───── Data listing
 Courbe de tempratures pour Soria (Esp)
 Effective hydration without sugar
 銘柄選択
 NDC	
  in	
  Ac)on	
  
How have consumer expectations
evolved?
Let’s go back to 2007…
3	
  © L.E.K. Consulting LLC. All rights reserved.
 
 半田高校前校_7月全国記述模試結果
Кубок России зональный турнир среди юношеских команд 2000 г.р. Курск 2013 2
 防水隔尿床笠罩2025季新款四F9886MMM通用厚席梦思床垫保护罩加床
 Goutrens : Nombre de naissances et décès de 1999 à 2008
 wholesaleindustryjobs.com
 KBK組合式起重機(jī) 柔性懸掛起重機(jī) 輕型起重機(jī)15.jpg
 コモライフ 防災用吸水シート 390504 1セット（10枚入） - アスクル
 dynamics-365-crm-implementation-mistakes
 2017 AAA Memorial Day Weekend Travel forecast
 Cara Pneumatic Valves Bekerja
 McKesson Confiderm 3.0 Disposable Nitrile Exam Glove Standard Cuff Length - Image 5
──────────
### Prompt
From the line holding "Cara Pneumatic Valves Bekerja" through the final line of the data above, copy every line exactly as written. Include nothing else.

### Response
 Cara Pneumatic Valves Bekerja
 McKesson Confiderm 3.0 Disposable Nitrile Exam Glove Standard Cuff Length - Image 5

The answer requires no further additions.